*** Input for this task Section Begins ***

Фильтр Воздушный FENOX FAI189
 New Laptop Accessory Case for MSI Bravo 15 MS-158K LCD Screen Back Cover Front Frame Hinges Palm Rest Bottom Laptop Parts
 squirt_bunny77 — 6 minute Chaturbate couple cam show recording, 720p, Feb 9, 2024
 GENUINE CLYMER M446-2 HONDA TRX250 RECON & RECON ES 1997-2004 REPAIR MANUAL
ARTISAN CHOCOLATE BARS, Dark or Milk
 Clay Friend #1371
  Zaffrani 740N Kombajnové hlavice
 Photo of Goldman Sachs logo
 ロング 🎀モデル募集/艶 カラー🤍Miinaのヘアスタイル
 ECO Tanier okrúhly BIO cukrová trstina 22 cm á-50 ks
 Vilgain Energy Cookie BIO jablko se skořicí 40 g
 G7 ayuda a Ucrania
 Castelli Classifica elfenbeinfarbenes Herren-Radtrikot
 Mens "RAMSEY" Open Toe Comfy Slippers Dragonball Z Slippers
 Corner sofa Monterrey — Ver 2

*** Input for this task Section Ends ***

### Problem details
Your answer must be the lines from the one containing "ロング 🎀モデル募集/艶 カラー🤍Miinaのヘアスタイル" through the last line of the entries, copied exactly, with no other lines.

### Written response
 ロング 🎀モデル募集/艶 カラー🤍Miinaのヘアスタイル
 ECO Tanier okrúhly BIO cukrová trstina 22 cm á-50 ks
 Vilgain Energy Cookie BIO jablko se skořicí 40 g
 G7 ayuda a Ucrania
 Castelli Classifica elfenbeinfarbenes Herren-Radtrikot
 Mens "RAMSEY" Open Toe Comfy Slippers Dragonball Z Slippers
 Corner sofa Monterrey — Ver 2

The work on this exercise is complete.